Le sp.Blog est-il mort ? Mon silence actuel est proportionnel au temps que je passe à faire mon vrai métier d’ingénieur d’études qui ressemble parfois, et de plus en plus, à un chemin de croix, doublé d’un slalom géant avec des tireurs d’élites postés dans les sapins. Accompagner la recherche est un métier passionnant, surtout quand vous travaillez dans la structuration d’un domaine tel que le mien et nouveau en France, les digital humanities. L’apport du numérique dans la recherche en SHS change une chose principale : le rapport au temps.  Il est dur de résister aux sirènes de la communication scientifique directe immédiate, aux projets de recherche “flash”, etc.
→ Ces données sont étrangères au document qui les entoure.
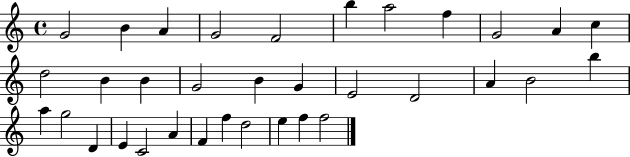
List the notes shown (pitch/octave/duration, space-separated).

G4/h B4/q A4/q G4/h F4/h B5/q A5/h F5/q G4/h A4/q C5/q D5/h B4/q B4/q G4/h B4/q G4/q E4/h D4/h A4/q B4/h B5/q A5/q G5/h D4/q E4/q C4/h A4/q F4/q F5/q D5/h E5/q F5/q F5/h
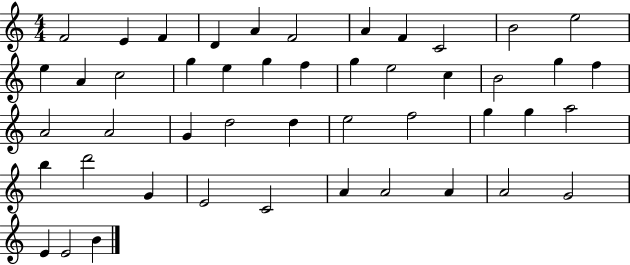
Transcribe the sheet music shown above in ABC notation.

X:1
T:Untitled
M:4/4
L:1/4
K:C
F2 E F D A F2 A F C2 B2 e2 e A c2 g e g f g e2 c B2 g f A2 A2 G d2 d e2 f2 g g a2 b d'2 G E2 C2 A A2 A A2 G2 E E2 B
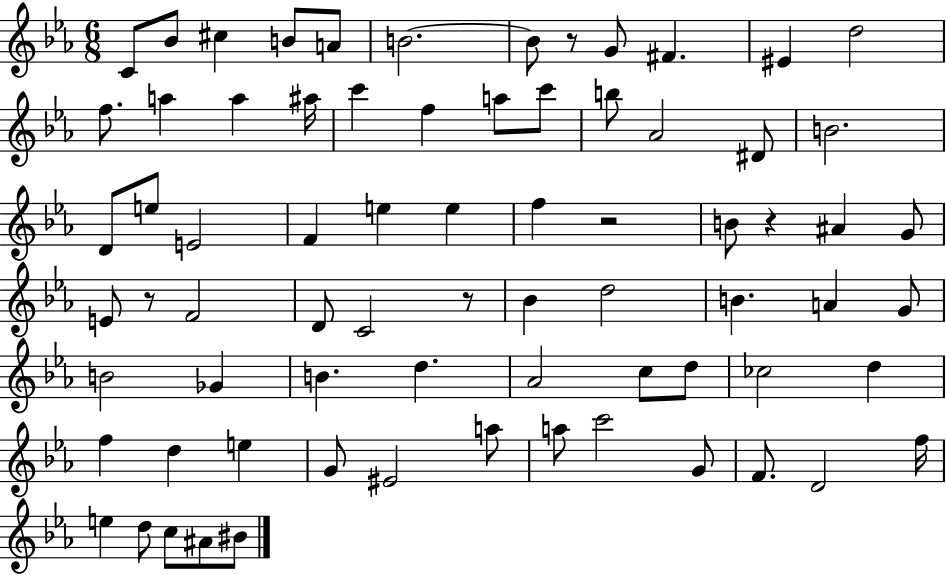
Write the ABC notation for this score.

Donc, maintenir un projet structurant long, faire de l’appropriation de modèles, de techniques et d’outils, suivre des dizaines de projets quand l’équipe de recherche n’existe plus, bichonner un site ou un serveur web orphelin de ces pères fondateurs, etc. n’est pas choses très évidente. Bref, ce que le numérique change c’est le temps.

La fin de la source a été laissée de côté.